This means users are normally interested in a particular branch and will
target mostly that one branch when contributing. The maintainer's job is
greatly simplified by launchpad's pretty advanced bug tracker that
allows to track progress of a single ticket along several branches in
parallel.

>  > > This means that from an
>  > > individual developer's point of view, the state of master is a triple:
>  > > (1) what's actually in the official repo (unknown; another dev may
>  > >     have updated),
>  > 
>  > True. (Though it is easy to check if this is the case (hg incoming,
>  > darcs pull --dry-run, git <whatever>)).
> 
> Your network is not run by the "MIT of Japan" (my employer, where the
> abbreviation *really* expands to "minimally informed technicians"),
> nor is it inside the Great Firewall (currently GitHub is blocked in
> China, I am informed).  And it mostly matters in the last five minutes
> before a feature freeze. ;-)

You are right that comparing with the remote directly will fail if there
is no connectivity.
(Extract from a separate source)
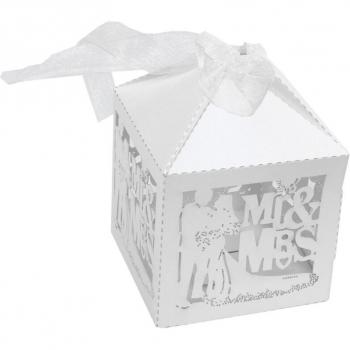 Set de Dulces “Boda RibbonCut”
A problem if you are traveling a lot and work from
planes etc, not something I am doing a lot, so I didn't think of that.

>  > > I don't think this comparison is entirely accurate.  All DAG-based
>  > > systems permit cherry-picking and rebasing, although those like
>  > > Mercurial and Bazaar do try to deprecate rebase.  In git they are
>  > > first-class operations.
>  > 
>  > Cherry-picking is an attempt to get the effect of patch commutation
>  > without paying the price. You get what you pay for: an ad-hoc solution
>  > that may or may not give you the results you expect.
> 
> You are willing to say that in public after denying that Darcs has, or
> you even want, a semantic patch theory? ;-)

Oh, the idea of a semantic patch theory is certainly tempting but I
think it is not realistic, today. Even if you succeed in finding the
perfect formalism for a particular language, what about all the other
languages that are used in a project, not to mention documentation in
various formats, the build system, etc etc. And then think about
languages evolving, with various versions and/or option-enabled features.

>  > Making sure the results are what you expect is tedious and error
>  > prone and I understand if people are nervous about it ("untested
>  > versions, gaah!").
> 
> Every Darcs repo implies a number of untested versions which is
> potentially exponential in the number of patches.  I have no idea in
> practice how many versions are typically generated by repeated
> obliteration respecting dependencies, but I imagine it's way larger
> than the number of versions actually subjected to formal testing.  (I
> would guess properly tested versions are approximately linear in the
> number of patches).

You are absolutely right about that. There may be intermediate states
that have never been tested, may not even compile, but so what? Software
has bugs, test suites have holes, and implementing new features can be
tricky and cause regressions. So you fix the bugs and add more
regression tests. This is the same everywhere[1] regardless of VCS, and
just because your VCS does not allow you to (easily, transparently)
re-order changes and thus makes it more difficult to compose these other
intermediate states (create a new branch that forks off in the past and
so on) does not mean it is "better tested". If anything, I would claim
the opposite: the fact that developers tend to work on slightly
different histories actually improves test coverage in that more
intermediate states occur and thus more combinations are tested,
reducing the likelyhood of subtle interactions between different parts
of a program to cause bugs that are discovered only much later. (I have
to admit that I can't provide evidence for this, not even anecdotal ones.)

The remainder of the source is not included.